Das Treffen wurde im Zentrum der Internationalen Raumfahrtgemeinschaft anberaumt, das seinerzeit auf der Observationsstation des Mauna Kea auf Hawaii gebaut worden war. Alle Teleportationen zur ISS und zurück wurden von der Station aus vorgenommen.

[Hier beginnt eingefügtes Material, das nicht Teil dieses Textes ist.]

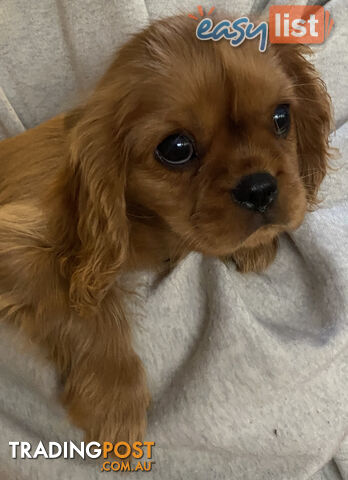 Cavalier King Charles Spaniel Puppy ready now!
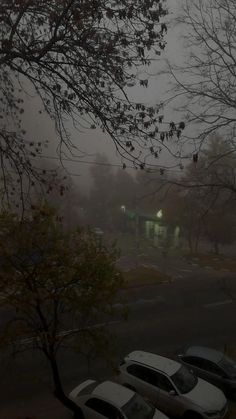 several cars parked in a parking lot on a foggy day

Anfang Juni des Jahres 2072 wurden mit Habib und Julia zwei Mitarbeiter (oder vielmehr Praktikanten) von der Raumstation teleportiert. Sie sollten unter anderem Kontakt zur Betriebsgruppe „Thomas“ aufnehmen, die Bohrkoordinaten festlegen, erforderliche Proben entnehmen und sie auf die Raumstation transportieren. Ihre Hauptaufgabe bestand darin, die Entnahme des Erdbodens in bestimmten Intervallen zu gewährleisten, wenngleich man diesen Boden im Original kaum als solchen bezeichnen konnte. Vielmehr handelte es sich um glühende Magma oder deren Axialformen.


***

Wenige Stunden nach ihrer Ankunft hatten sich die jungen Leute akklimatisiert und erfrischt. Habib schlug vor, in den Park zu gehen und die Wartezeit an der frischen Luft zu verbringen. Im zentrumseigenen Park duftete es nach verschiedenen exotischen Pflanzen, und das akkurat geschnittene Gras schmiegte sich wie ein weicher Samtteppich um die Füße. Julia wedelte mit den Armen und meinte:

„Wie gern wäre ich jetzt ein Schmetterling!“

Die grelle Sonne blendete ihr die Augen, sie ließ langsam die Arme sinken, kniff die Augen leicht zusammen und erblickte einen Schmetterling, der gleichmäßig auf ihren Arm zuflog. Sie streckte ihn dem Schmetterling entgegen, und dieser ließ sich auf der Kuppe ihres Daumens nieder. Julia seufzte, und ihre Augen begannen vor Verwunderung zu leuchten:

„Ich kann fühlen, wie er sich mit seinen Beinen an meinem Daumen festhält. Sieh nur, Habib, wie schön seine Flügel verziert sind. So etwas habe ich noch nie gesehen.“

Habib war vom Auftauchen des Schmetterlings ebenso überrascht wie Julia, auch er begutachtete interessiert seine Flügelzier. Erst jetzt fiel den beiden auf, dass der ganze Park mit hüpfenden und kriechenden Insekten aller Art übersät war. Sie suchten sich einen geeigneten Platz unter einem großen, massiven Baum, legten sich aufs Gras und nahmen den warmen Atem der Erde mit dem ganzen Körper wahr. Während er so mit hinter dem Kopf verschränkten Armen dalag, hörte sich Habib fragen:

„Wie kommt es, dass du so vielseitig interessiert bist? Du spielst Geige, singst, malst...“

Ohne lange nachzudenken, erwiderte Julia:

„Meine ganze Kindheit und Jugend vor dem Studium habe ich in einem Kinderheim verbracht. Ich habe meine Eltern nie gekannt, deswegen habe ich mich verschiedenen Gruppen angeschlossen, statt wie andere Kinder am Fenster zu sitzen und auf besseres Wetter zu warten. Mein Tagesablauf sah so aus, dass ich stets etwas kennenlernen oder erlernen musste. Und so kam ich zu meiner ersten und einzigen Geige: Ich habe einen Wettbewerb gewonnen, und ein berühmter Musikant hat sie mir persönlich überreicht.“

Habib blickte schweigend zum Himmel und versuchte, den in seinem Hals steckengebliebenen Kloß lautlos herunterzuschlucken. Niemals hätte er damit gerechnet, so etwas aus Julias Mund zu vernehmen. Er verspürte den Wunsch aufzustehen, sie fest an sich zu drücken und mit ihr zu fühlen. Da sie ihre Geschichte jedoch vollkommen ruhig vorgebracht hatte, war ihm klar, dass sie einen starken Charakter hatte und Tatsachen trotz zahlreicher Unbekannter angemessen verarbeiten konnte.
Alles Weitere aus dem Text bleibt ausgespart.